Colin Schepers' Blog: Feedback 22-04-2012

Sunday, April 22, 2012

Feedback 22-04-2012

Experiment Results

Finally some nice results to show after some debugging and parameter tuning; manual and automatic. All experiments are done over 1,000 samples and are averaged over 10,000 runs. For every experiment the 95% confidence intervals are displayed by a colored region surrounding the lines.

Incremental Regression Tree Induction (IRTI)

MCTS_C = (childRewardRangeSize / globalRewardRangeSize) * MCTS_K)

MCTS_K = 2.0

IRTI_SPLIT_NR_TESTS = 100

IRTI_SPLIT_MIN_NR_SAMPLES = 50

IRTI_SIGNIFICANCE_LEVEL = 0.001

IRTI_MEMORIZATION = true

Hierarchical Optimistic Optimization (HOO)

MCTS_C = (parentActionSpaceVolume / globalActionSpaceVolume) * globalRewardVolume * MCTS_K
MCTS_K=5.0
HOO_MEMORIZATION = true
HOO_V_1 = (sqrt(nrActionDimensions) / 2) ^ HOO_ALPHA
HOO_RHO = 2 ^ (- HOO_ALPHA / nrActionDimensions)
HOO_ALPHA = 0.99

IRTI + HOO + MC + Random + UCT (pre-discretization with 25 splits per depth)

Work

Implemented all four multi-step agents and seem to be able to balance the pole in the Cartpole environment pretty well.

Regression-based Meta Tree Learning agent (RMTL)
Hierarchical Optimistic Meta Tree Learning agent (HOMTL)
Regression-based Sequence Tree Learning agent (RSTL)
Hierarchical Optimistic Sequence Tree Learning agent (HOSTL)

Planning

Find a better parameter set for HOO for the Six Hump Camel Back function as it is now barely better than UCT with pre-discretization in that environment. I can then generate the same pictures as the ones above.
Do experiments regarding the multi-step agents and possibly debug / optimize code.

5 comments:

MichaelKaisers23 April, 2012 11:15
Dear Colin,

very good to see these evaluations, I particularly like the comparative ones under point 3. Here a few remarks:

1. It appears you indicate standard deviation or variance in your error bars, please specify, e.g., in the text say mu +- sigma (squared).
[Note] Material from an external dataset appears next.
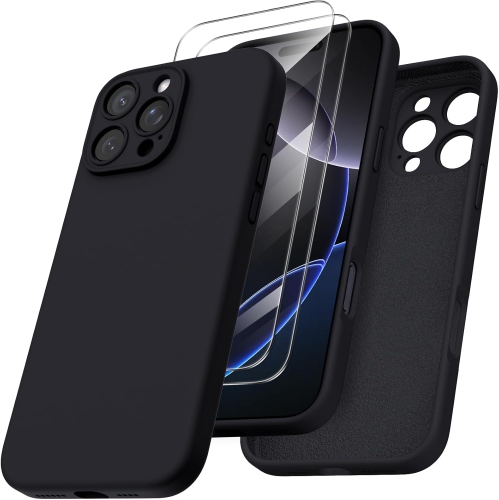 ORNARTO Compatible with iPhone 16 Pro Max Case with 2 x Screen Protector,Shockproof Liquid Silicone Gel Rubber Cover,Drop Protection Phone Case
Make sure you know why you indicate the error bars, and if you want to use confidence intervals:
http://scienceblogs.com/cognitivedaily/2008/07/most_researchers_dont_understa_1.php
http://users.rowan.edu/~everett/courses/Sys_3/docs/11%20Conf%20Int%20&%20Sam%20Size.pdf

2. You Y-axis label still reads error - you just gave the slide the title regret. I would rather label the y-axis regret to avoid confusion with the overloaded term 'error'.

3. GREEDY REWARD CURVE:
- These are averages as well, right? Why not include error bars for performance as well?
- The performance of a random agent does not change as he gets more samples, thus you can replace the noisy line with a straight line. BTW, same applies for the regret curve.
- UCT label should include # cuts/depth
- If you know the optimum, always give a straight line of it. Also, zoom out so the optimum is still visible inside the graph.
- Consider a log scale for the #samples.

4. Behavior: I think Random, MC and Hoo work as expected. IRT and UCT show very interesting averages during learning (dip vs following the sinus shape).
- IRT appears to make the first split only after 100 samples, and then hardly explore the worse leaf at all. Is it possible to set it up to split earlier, but explore both branches more?
- The first 500 UCT samples look deterministic - we can see if it is once you added error bars. Did you by any chance copy half of the sinus return vector? If this is actually the behavior, I would look at the UCT selection strategy. Do you have a fixed depth and do you always select unseen samples rather than following the averages down to a leaf?
ReplyDelete
Replies
Colin23 April, 2012 15:43
Thanks. I will make the changes at home. To clarify some of the remarks already:

- I set the optimum equal to the top of the graph for the Greedy Reward Curve. Maybe it's nicer to lower this a bit and add a red line equal to the maximum (although this overlaps the other lines most of the time due to the very small difference).

- I designed UCT to also support multi step environments, meaning that for this one step environment is only creates node for one depth. Because I set the DiscretizationResolution to 500, the first 500 samples of the learning curve corresponds to the first visit of all the 500 nodes (at depth 1) and therefore match exactly the shape of the sinus function. After that, it picks the nodes with the highest UCT value each next 500 times.
ReplyDelete
Replies
MichaelKaisers27 April, 2012 20:00
Dear Colin,

I like the new line 'optimum', but I am confused with the colors in the graphs under point 3, where optimum and MC appear to be both red.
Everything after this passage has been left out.